Hi ,and hello eveyone,can anyone tell me when is the best time to sail down the east coast to the carribbean US Virgin Islands from New York. Cheers Frank UK. I am new to this group and sailing in this area.


----------



## camaraderie (May 22, 2002)

End of October or early November. After hurricane season and before the winter gales.


----------



## gafferduck (Mar 14, 2009)

Thanks sounds ok cheers speak soon,frank


----------



## JT1019 (Aug 14, 2006)

If you don’t need to sail along the coast I would recommend sailing out to Bermuda as a ½ way point in June. Over the past 4 years I have seen many people transit the East coast via Bermuda during the Newport-Bermuda and Marion-Bermuda races. This provides groups to cruise with, fantastic weather reporting and overall less danger. This happens in mid June every year and can be quite a large group.


----------



## EpicAdventure (May 18, 2006)

How is it staying in Bermuda for 3-4 months? How are the anchorages etc?

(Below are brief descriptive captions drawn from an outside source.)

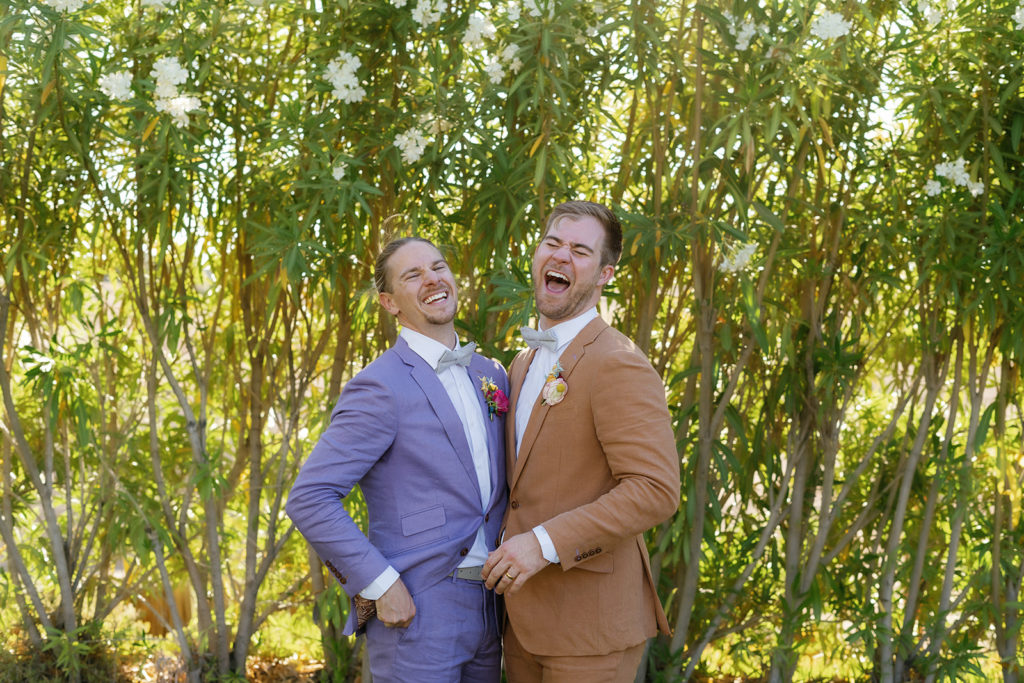 lgbtq photographer in san diego; two men laugh together on their wedding day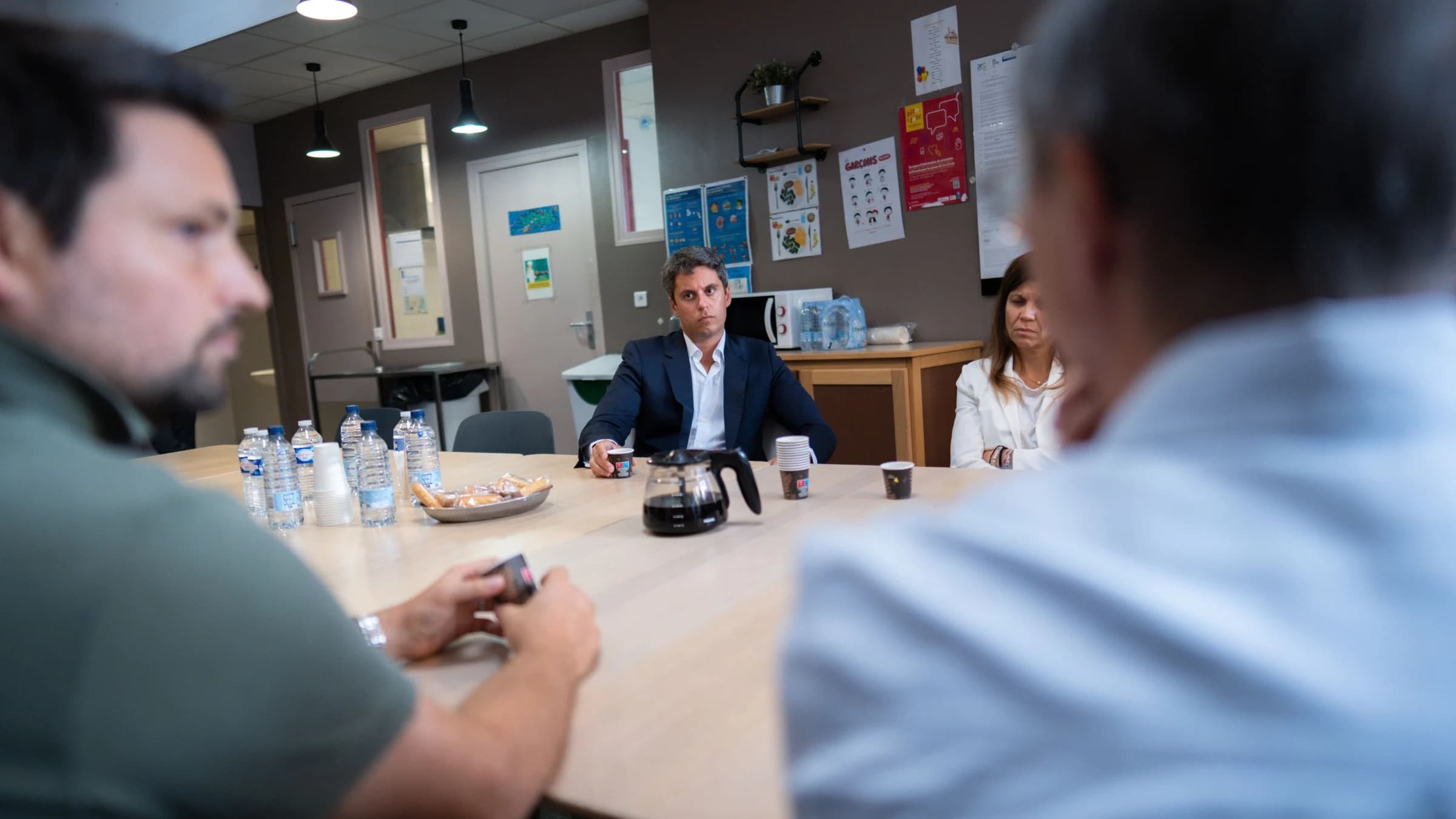 Gabriel Attal autour d'une table ronde en train d'écouter un monsieur 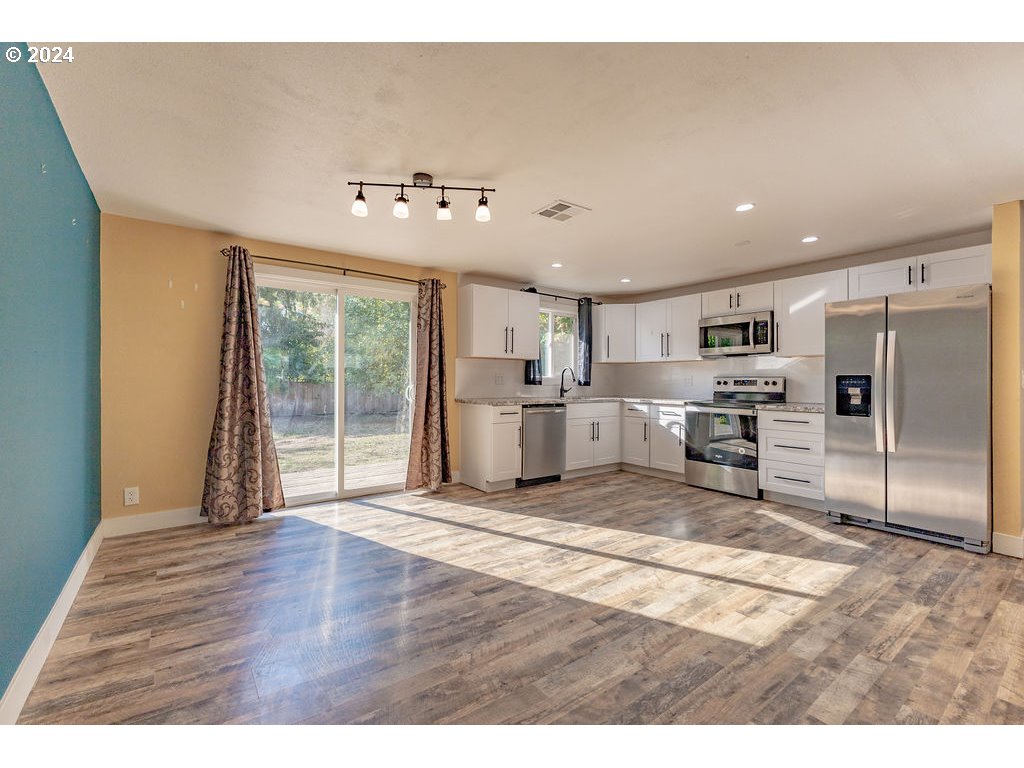 2102 Delta Street Eugene, OR 97404 - Photo 7 of 35 a view of a kitchen with wooden floor and stainless steel appliances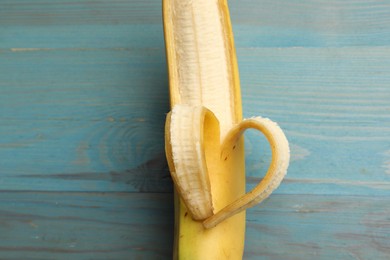 Photo of Banana with heart made of peel on light blue wooden table, top view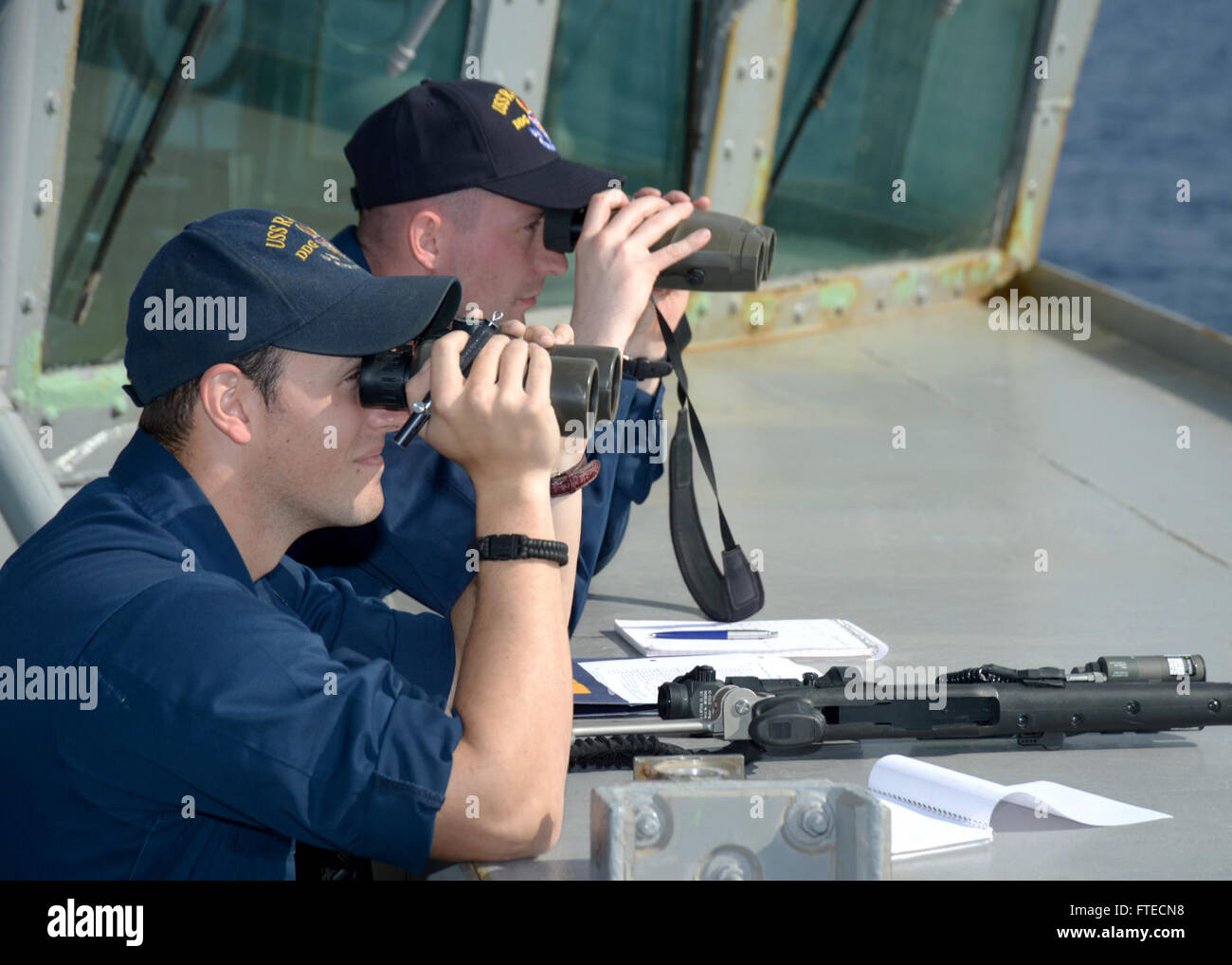 Das Bild zeigt Fähnrich Jonathan Hill und Chief Operations Specialist Jonathan Edington von der USS Ramage, die am 25. März 2014 Anti-Terror-Training absolvierten. Das Training fand auf dem Brückenflügel während eines simulierten Angriffs auf kleine Boote statt. Die USS Ramage, ein Teil der 6. Flotte der US Navy, unterstützte während ihres Einsatzes die maritimen Sicherheitsoperationen und die Zusammenarbeit im Bereich der Theatersicherheit. Stockfoto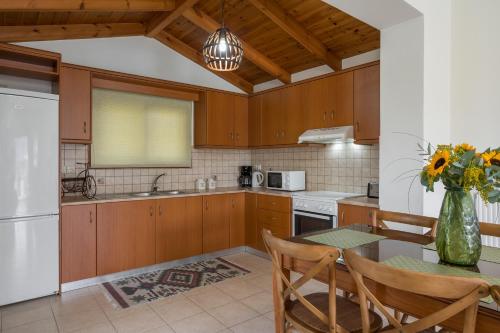KávallosBluefairy Villas的厨房配有木制橱柜和花瓶桌子。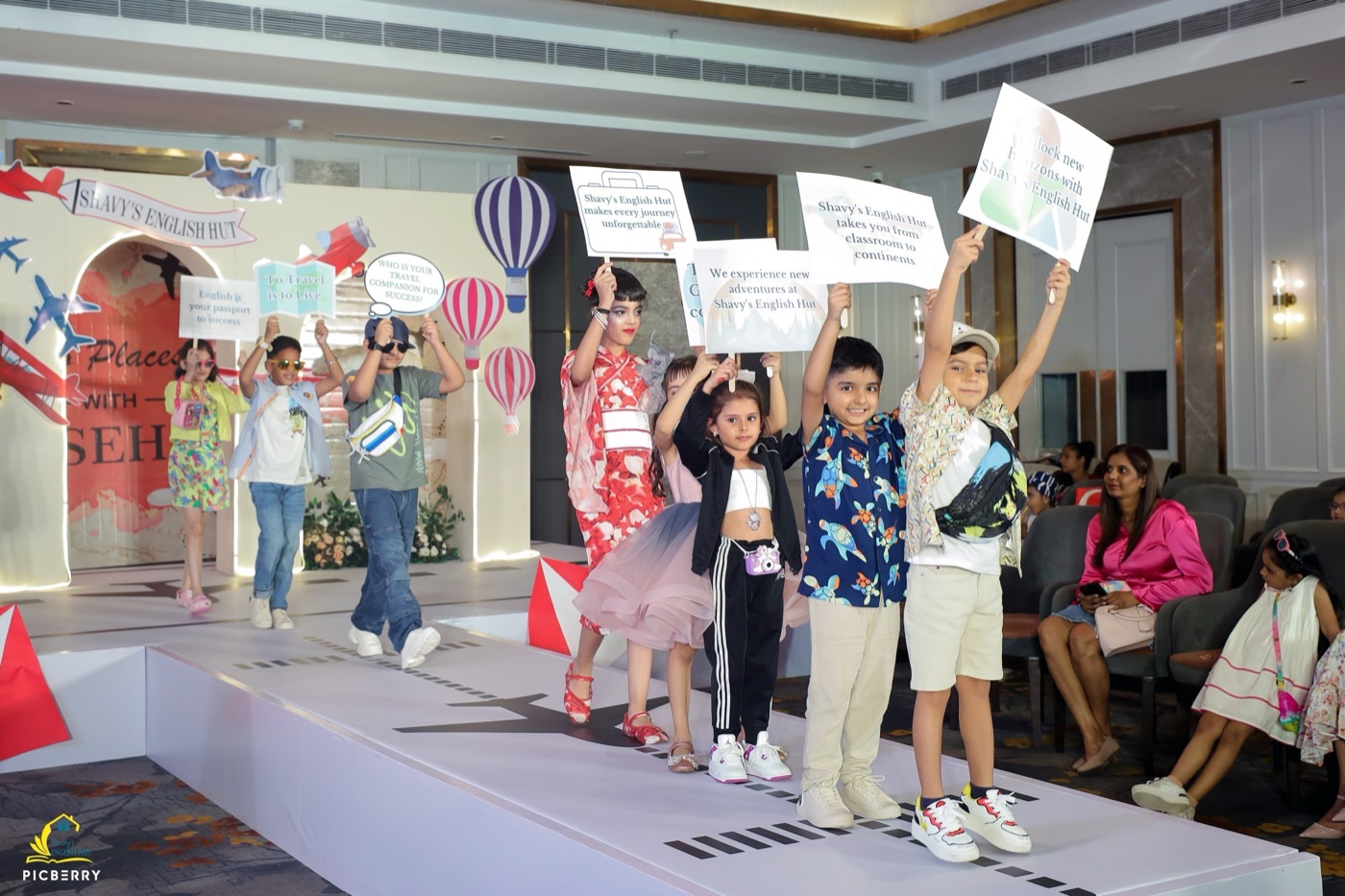 Students on stage at a Shavy's English Hut fashion show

What does the hurricane outlook look for Bermuda? Seems like you could still get hit with a hurricane there. Anywhere you could hole up?


----------



## PBzeer (Nov 11, 2002)

A lot depends on what kind of passage you want to make. If all you're interested in is getting to the Caribbean, then you can wait until mid October. If you want to take your time, and see the East Coast, then you can leave much sooner. You could easily spend a month just on Chesapeake Bay, as well as in North Carolina. You could also be stopping in at various ports while staying mostly outside.

Many people don't go south of North Carolina before November due to insurance rules. I would imagine that would be a consideration with staying in Bermuda as well.


----------



## gafferduck (Mar 14, 2009)

Thanks everyone ,excellent info ,not sure where i,ll be sailing yet but i dont do cold sailing so if i do go south sooner rather than later and wait for the hurricanes to pass cheers ,frank


----------